==== SOURCE DATA
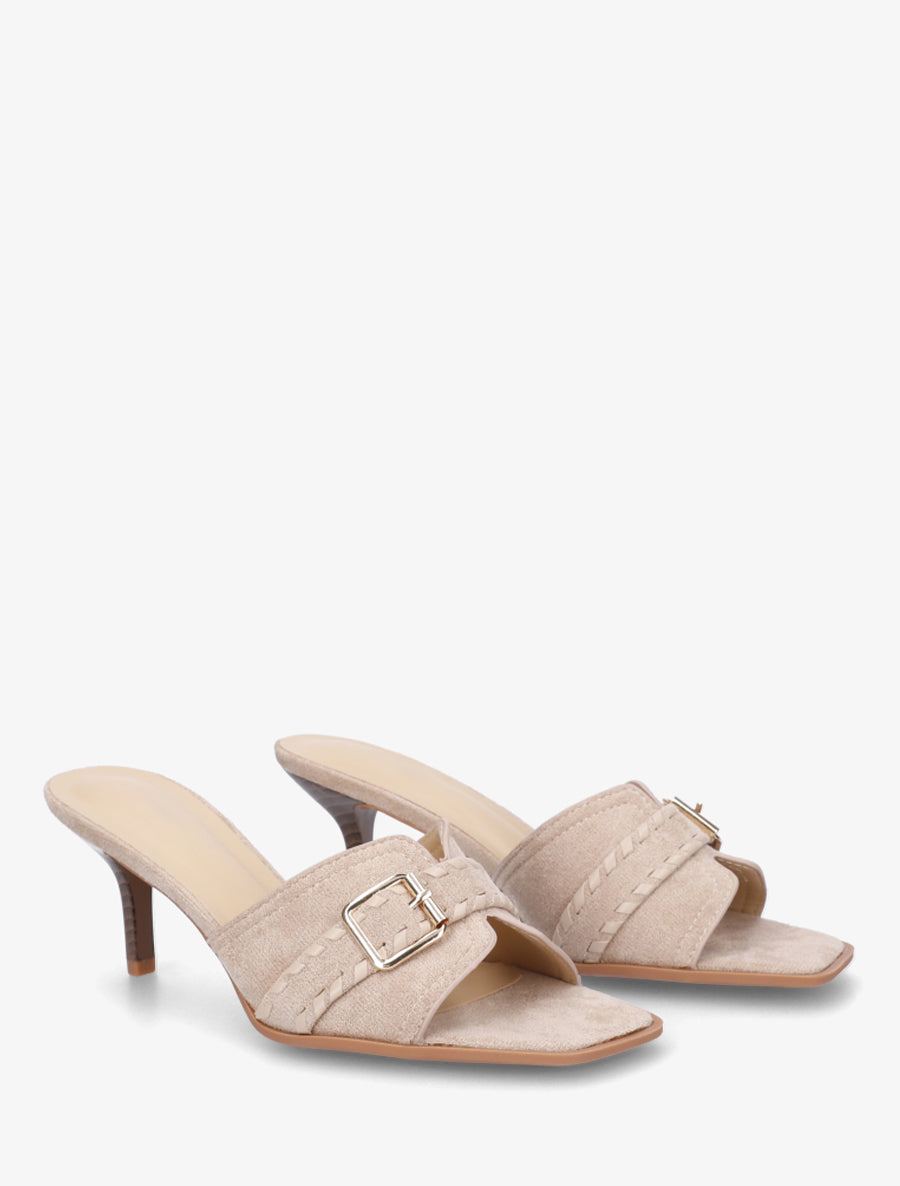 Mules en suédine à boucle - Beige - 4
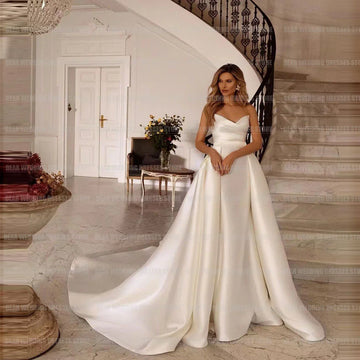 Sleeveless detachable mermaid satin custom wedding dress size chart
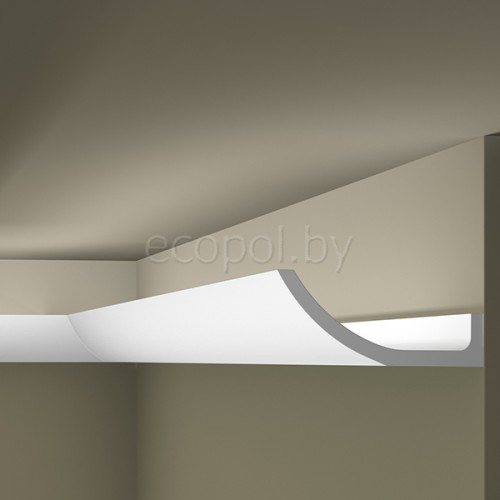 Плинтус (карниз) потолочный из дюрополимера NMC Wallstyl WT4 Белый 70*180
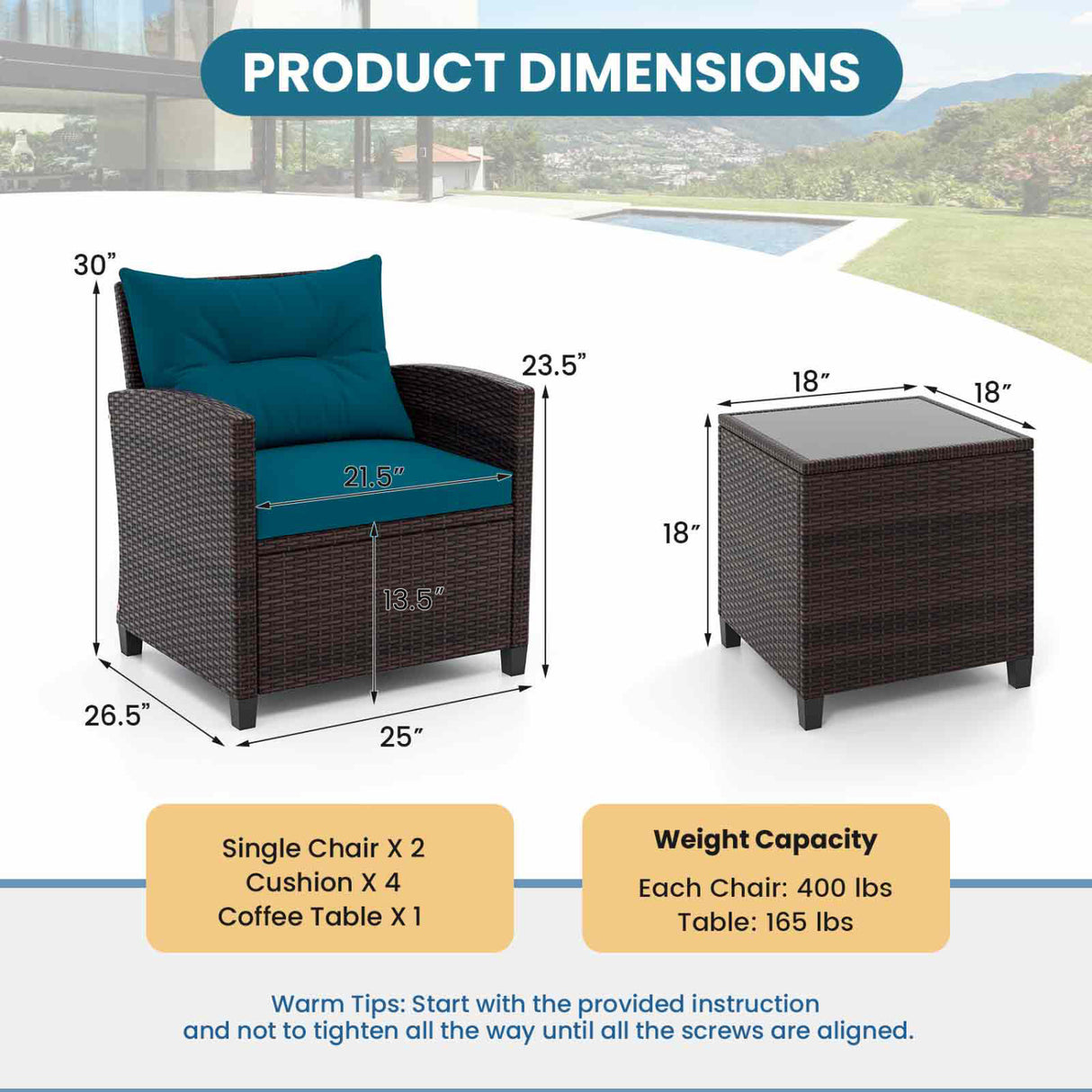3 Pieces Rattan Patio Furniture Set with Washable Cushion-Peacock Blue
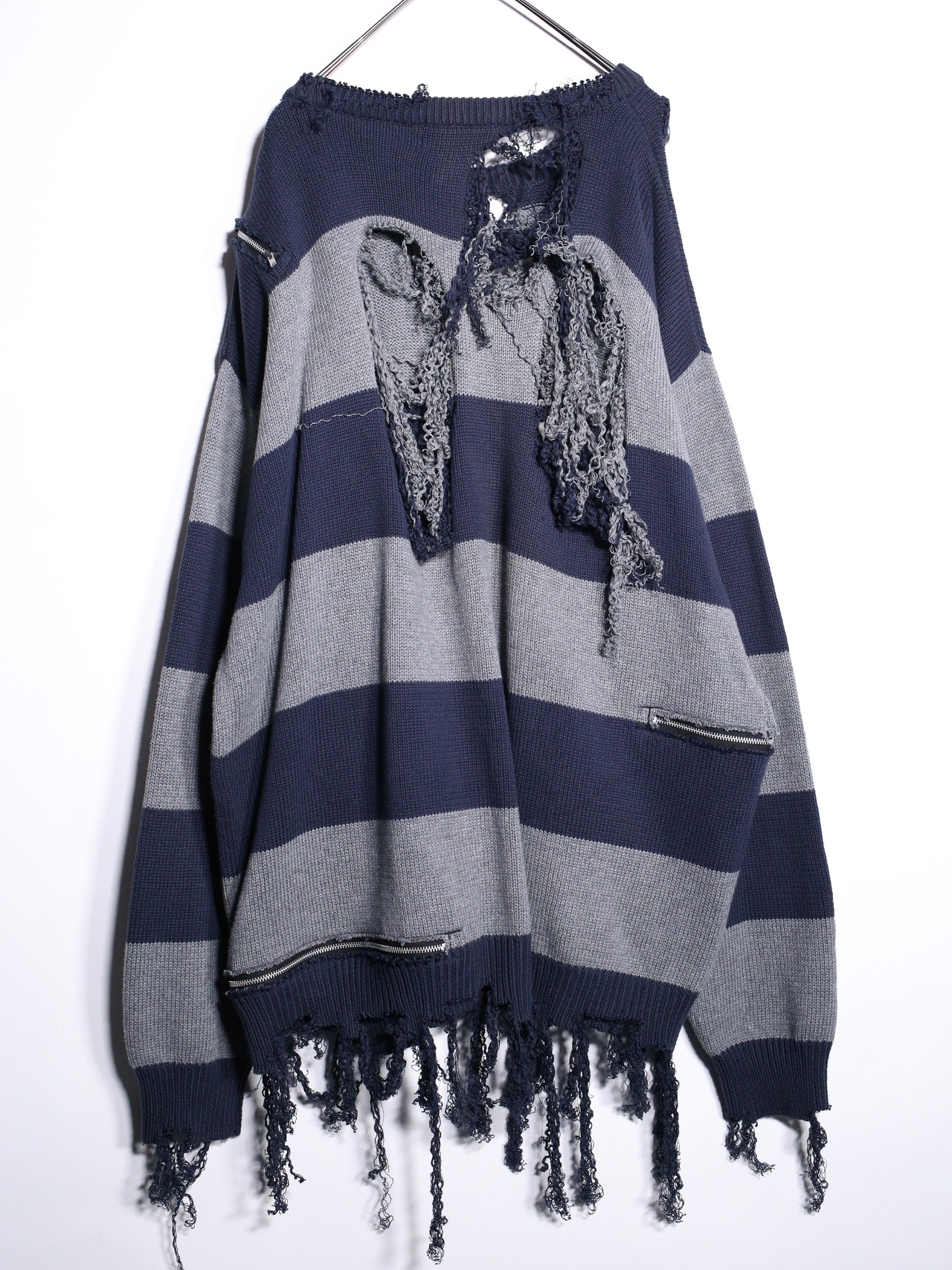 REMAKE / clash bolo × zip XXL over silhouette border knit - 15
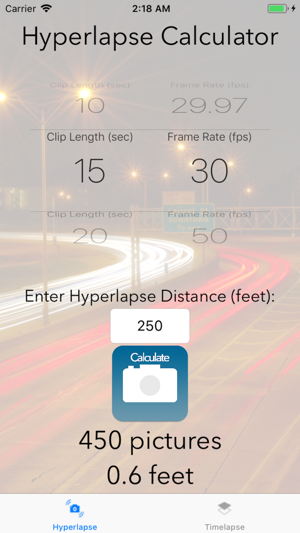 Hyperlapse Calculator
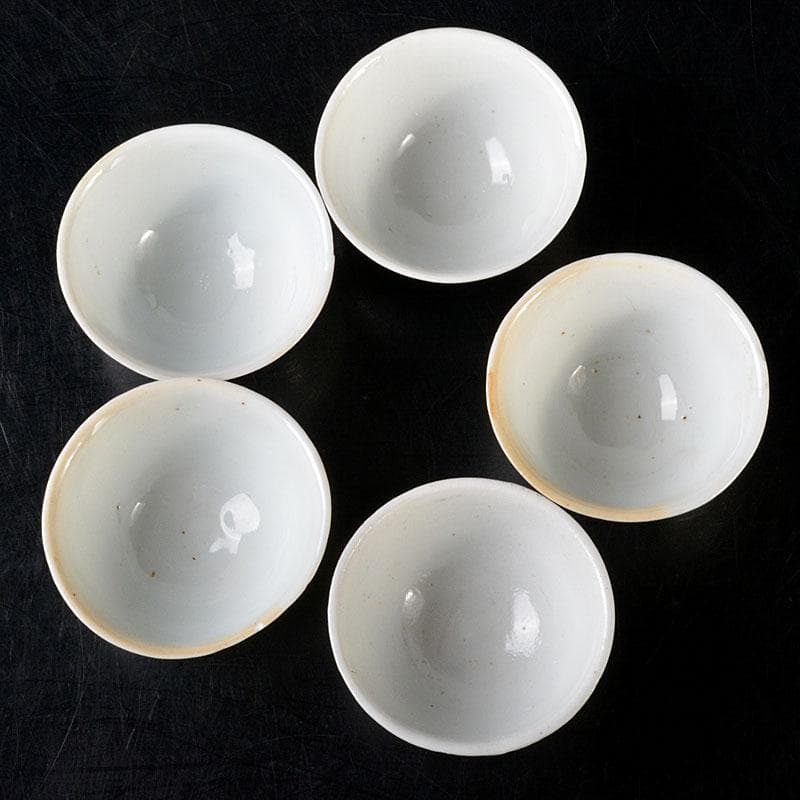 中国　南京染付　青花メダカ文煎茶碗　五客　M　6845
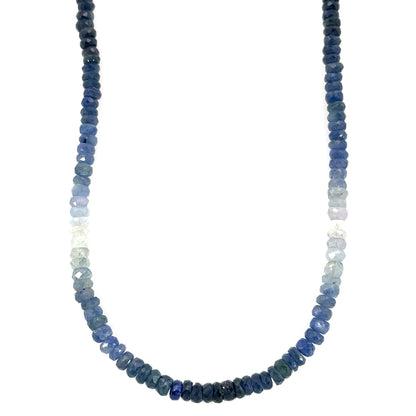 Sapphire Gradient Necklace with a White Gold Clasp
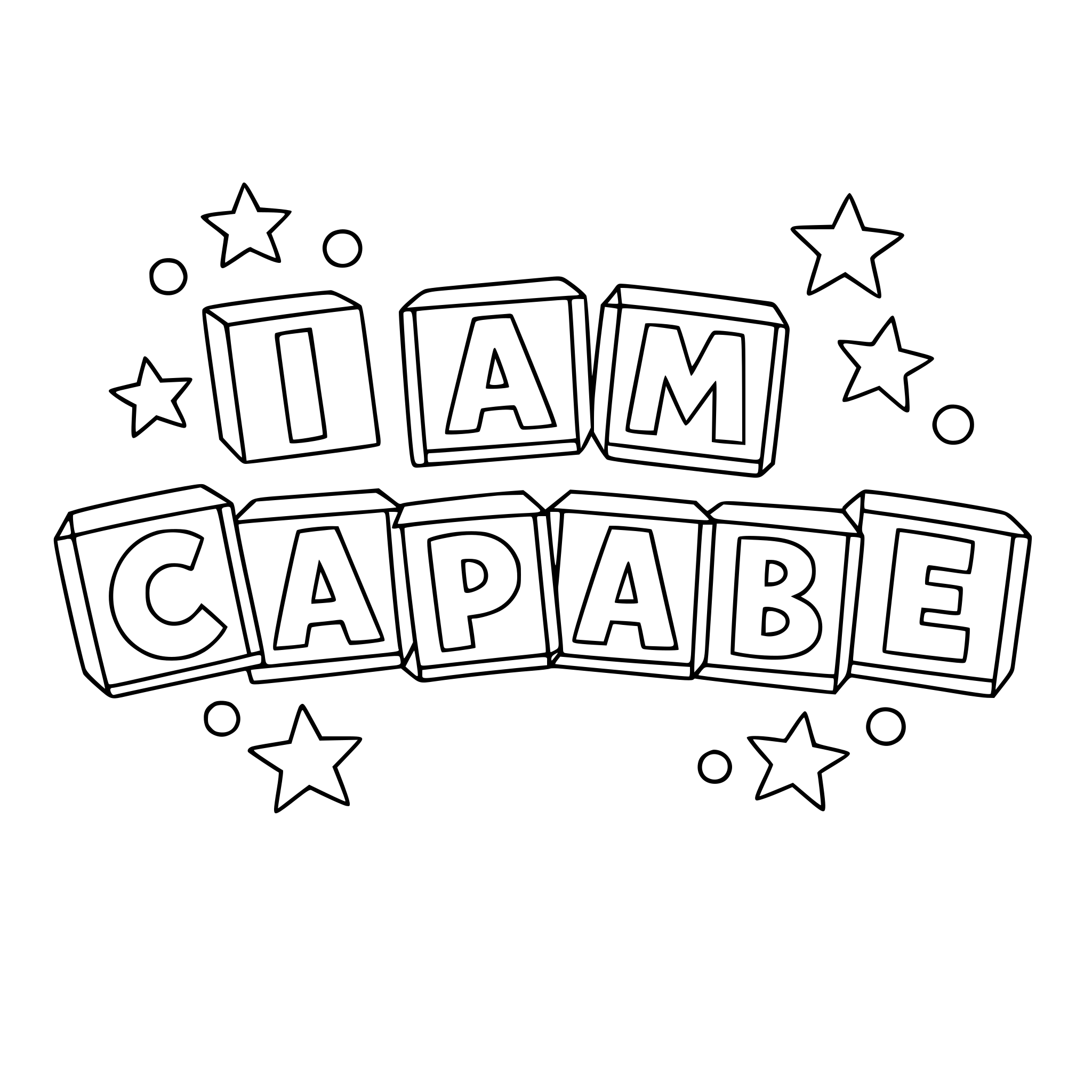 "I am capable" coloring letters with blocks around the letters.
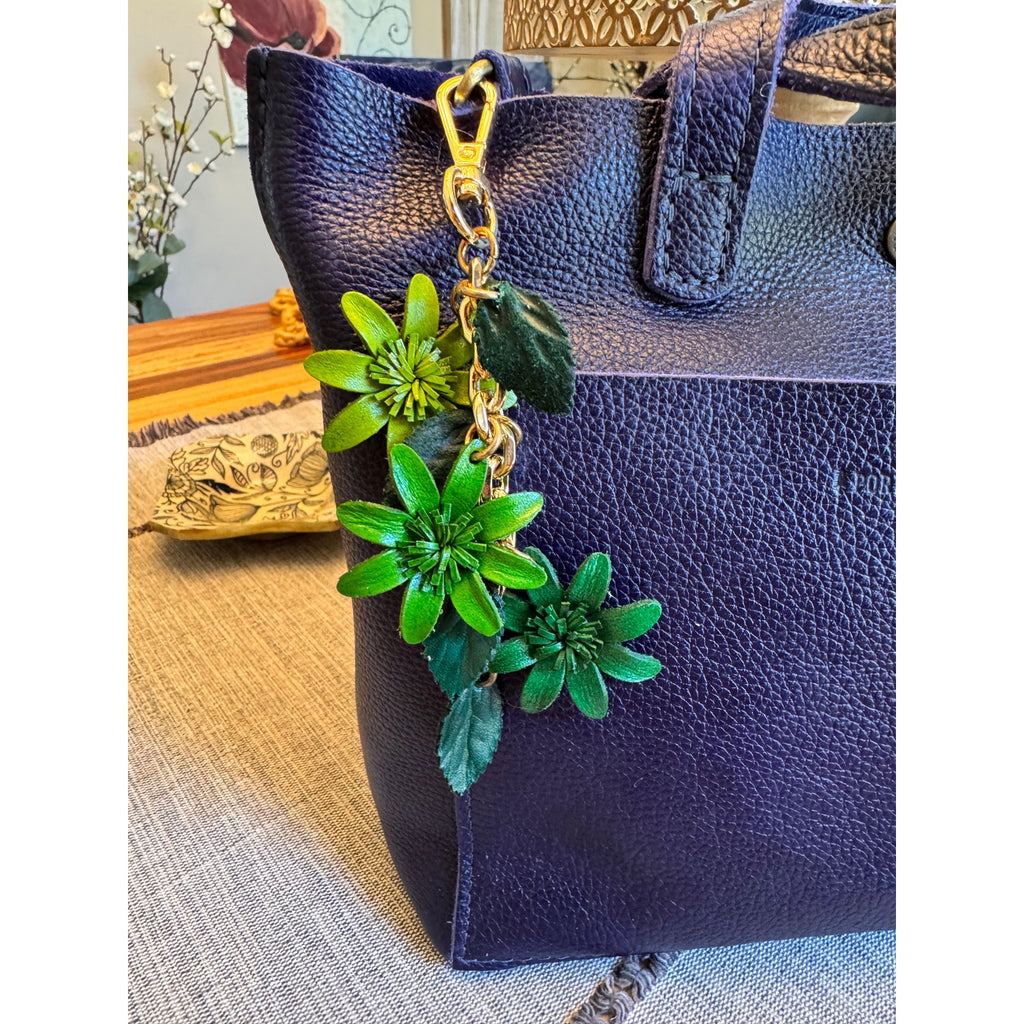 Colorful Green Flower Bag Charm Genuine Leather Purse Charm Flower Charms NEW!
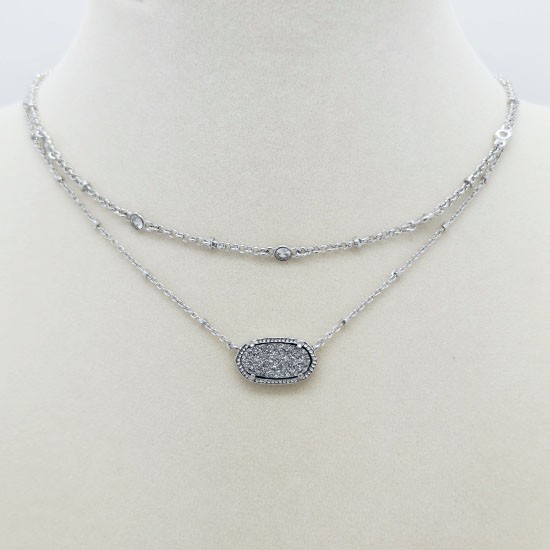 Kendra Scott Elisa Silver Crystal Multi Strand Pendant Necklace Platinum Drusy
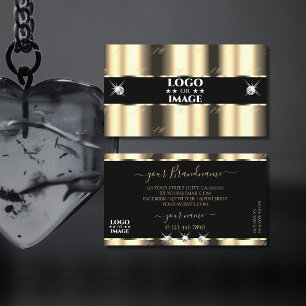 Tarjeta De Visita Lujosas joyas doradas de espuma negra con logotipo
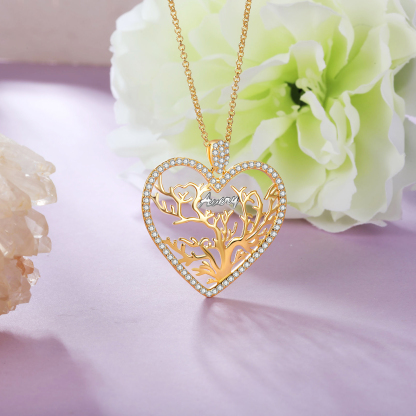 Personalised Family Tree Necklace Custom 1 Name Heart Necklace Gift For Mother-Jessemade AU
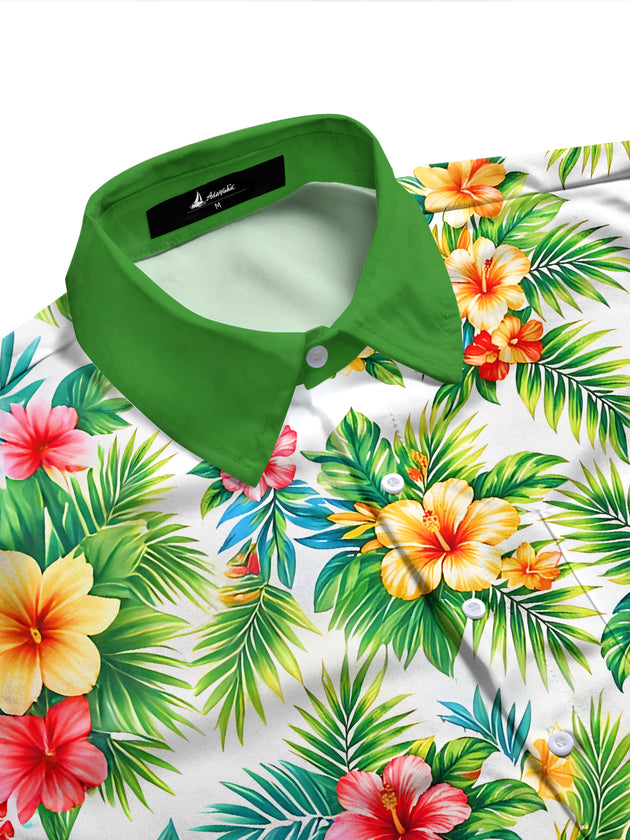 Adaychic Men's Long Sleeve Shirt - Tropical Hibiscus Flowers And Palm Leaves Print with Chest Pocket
========
All lines from the start of the entries through the one with "3 Pieces Rattan" are to be output exactly; omit the pictures.

 Mules en suédine à boucle - Beige - 4
 Sleeveless detachable mermaid satin custom wedding dress size chart
 Плинтус (карниз) потолочный из дюрополимера NMC Wallstyl WT4 Белый 70*180
3 Pieces Rattan Patio Furniture Set with Washable Cushion-Peacock Blue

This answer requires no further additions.